* **PROBLEM TO WORK ON**
In this exercise, retype exactly and only the lines from the top of the entries below through the line that holds "DIO Sneakers", omitting pictures.

Records contained in a dataset
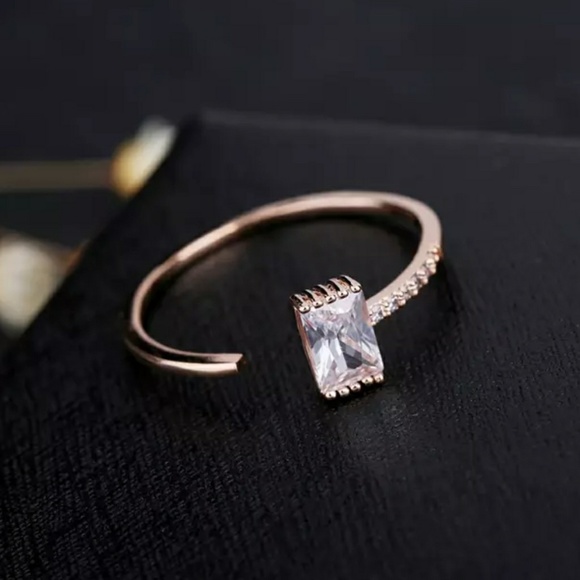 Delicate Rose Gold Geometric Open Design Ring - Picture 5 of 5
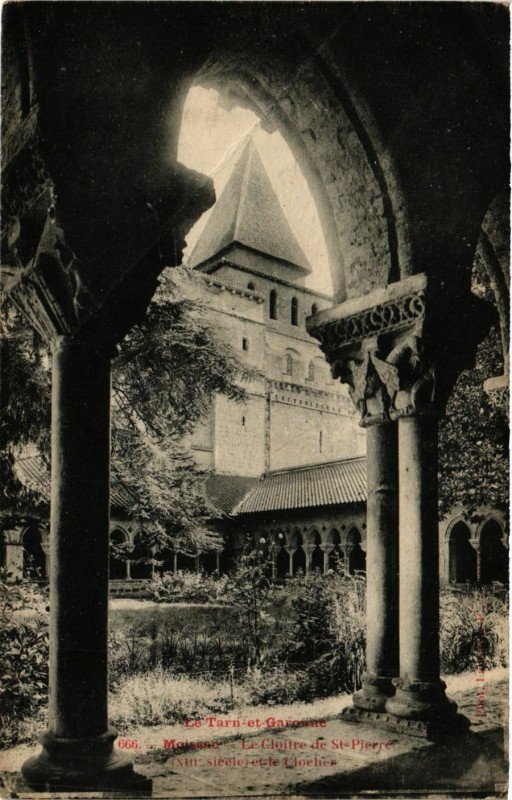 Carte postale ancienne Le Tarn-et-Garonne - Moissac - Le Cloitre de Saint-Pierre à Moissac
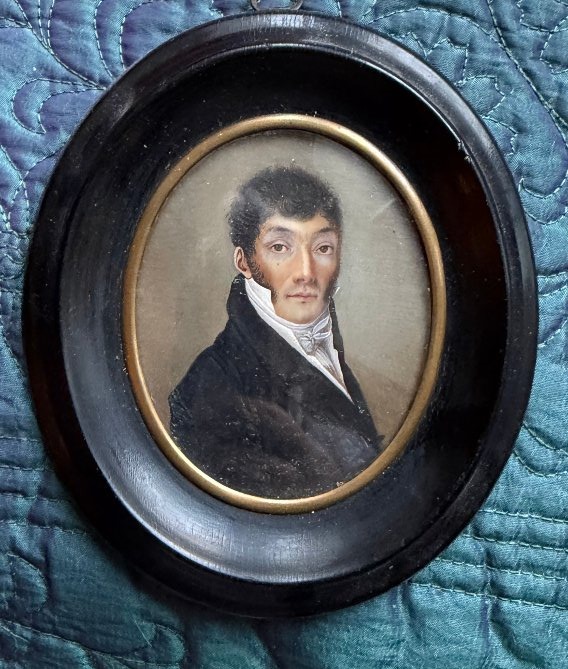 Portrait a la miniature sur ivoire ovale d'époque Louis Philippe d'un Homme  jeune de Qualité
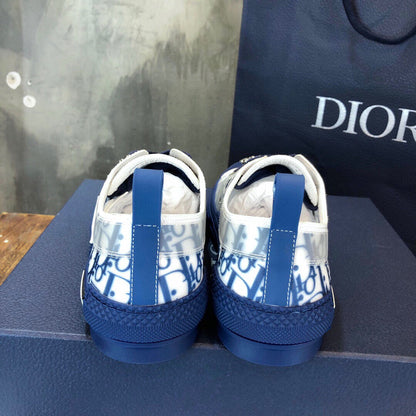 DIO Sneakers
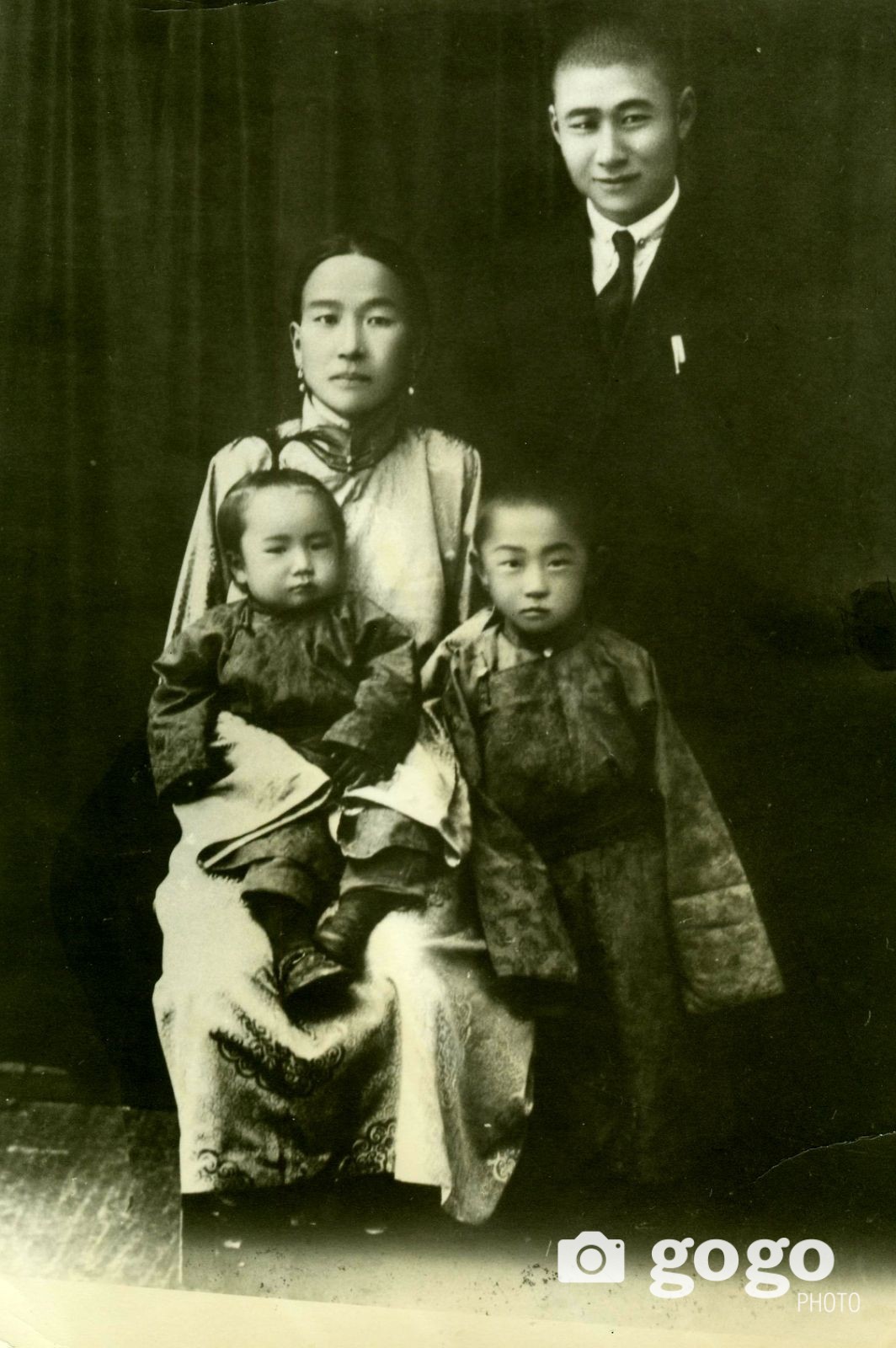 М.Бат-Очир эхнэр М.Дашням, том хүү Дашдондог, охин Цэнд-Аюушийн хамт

* **RESPONSE AREA**
 Delicate Rose Gold Geometric Open Design Ring - Picture 5 of 5
 Carte postale ancienne Le Tarn-et-Garonne - Moissac - Le Cloitre de Saint-Pierre à Moissac
 Portrait a la miniature sur ivoire ovale d'époque Louis Philippe d'un Homme  jeune de Qualité
 DIO Sneakers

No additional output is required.